Engineers love the concept of digital twins. We build them for “unit operations” all the time: a computer model for the inputs and outputs to a processing step (called a unit) in the production of something. Almost everything you use or eat goes through these steps.
For example, something as simple as flour starts out as seeds to be planted and then given adequate moisture, sunlight, and nutrients to form mature grains. They are then harvested and processed to remove the grain from the chaff at which point they are most often stored until they are transported and ground into flour which is then packed and transported to the store shelves.
Nowadays with the emphasis on sustainability the farmer will also design in waste reduction and reuse and may in fact use the biproducts or waste from one area into others. For example, we all eat cheese, but the byproduct whey has now been incorporated into cheese food as well as pharmaceuticals. It is no longer discharged into the environment with its associated challenges.

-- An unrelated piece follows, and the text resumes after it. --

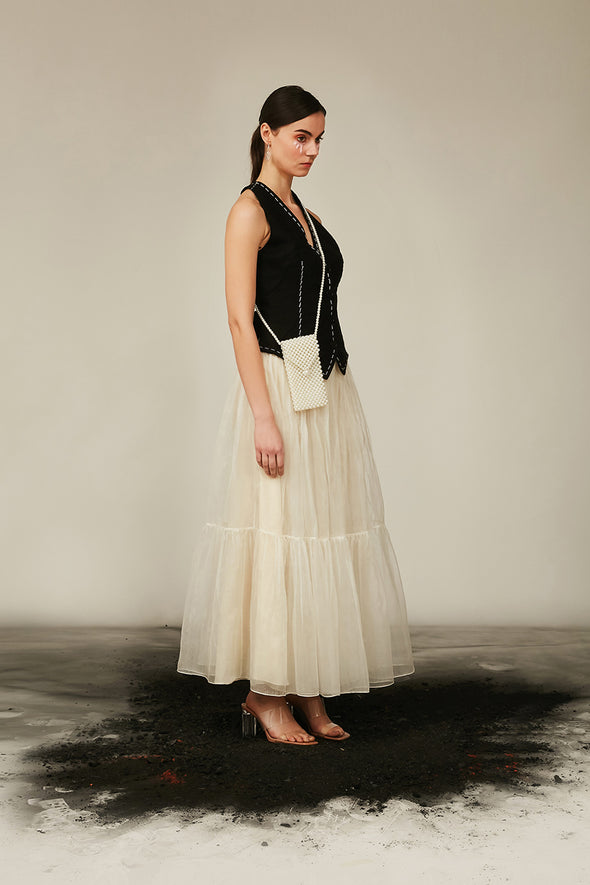 bearer black linen waistcoat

Efficiency and cost control demands that each step in this process be optimized, and that process is made precise and measurable with a digital twin. Complex operations like making paper then use these digital twins to control the paper machines. Petroleum refineries use digital twins to constantly adjust the distillation operations.

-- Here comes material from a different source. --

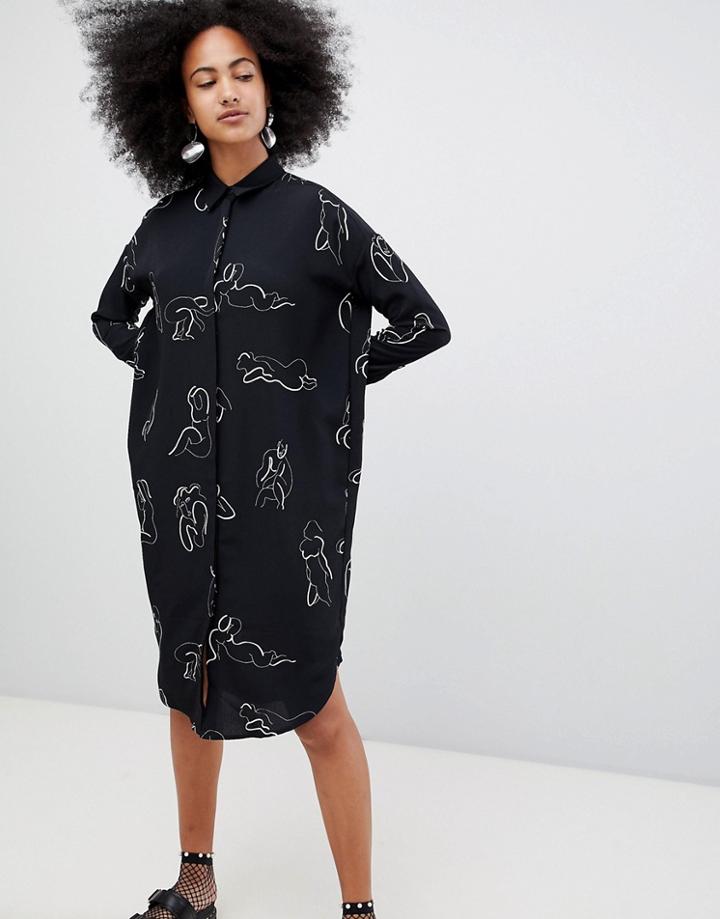 Monki Soft Body Print Shirt Dress With Pocket - Black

These are extremely satisfying technological advances, but success here must be humbly reconciled against a truth condition: we must have the research and proof that we understand the underlying mechanisms and have repeated confidence that when we change an input variable, we get a corresponding repeated output condition.

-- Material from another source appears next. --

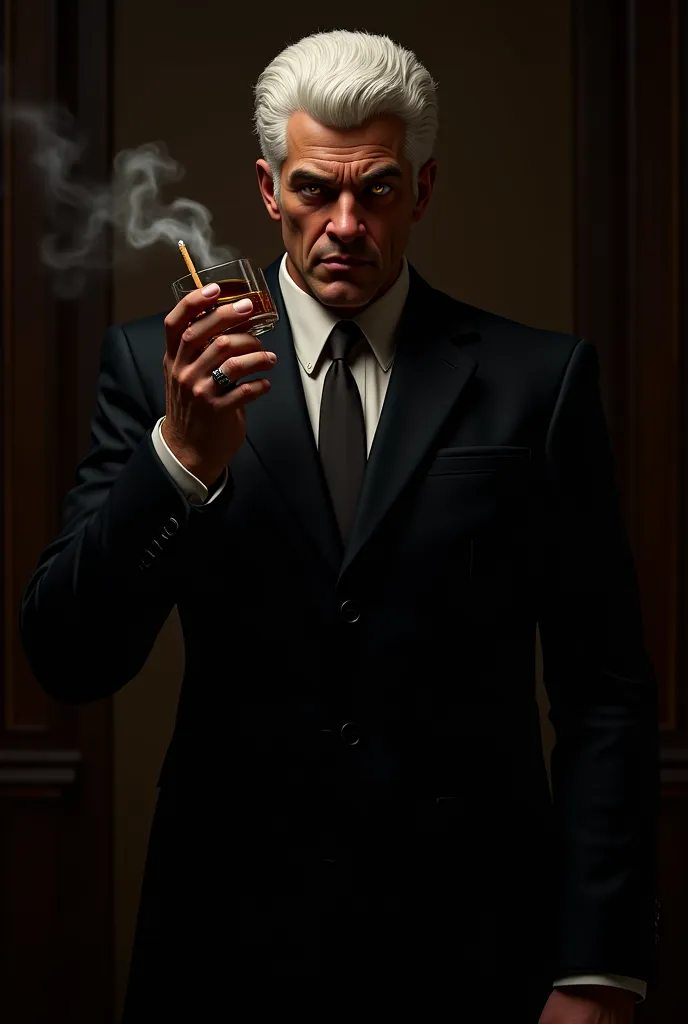 Mafia boss, man, white hair, yellow eyes,  slit pupils, black suit, Whisky glass in the left hand, in the right hand a cigarette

I hope you can see the problem with attempting to build a digital twin for our planet ecosystem. You would think all our modern math would permit some level of aggregate modeling accuracy. Perhaps the following illustration will help. If you compare the predicted number and intensity of hurricanes each year with the actual storm experience over the past two decades you get a very high level of correlation. Unfortunately, it is a negative correlation which means that you could “bet against” those offering forecasts and be right quite often.
This should be troubling … because it indicates we do not yet have a digital representation of even aggregate storm intensity. And, by the way, if you look at any long-term trends in storm number and intensity, it is trending lower over time … but you won’t hear about that because it does not align with the political agendas dominating the digital world these days.
So, one might rightfully ask whether today’s climate modelers are looking for science to validate their models or are more than likely looking for anything that confirms their desired conclusions.
Follow the money … the correlation is convincingly real.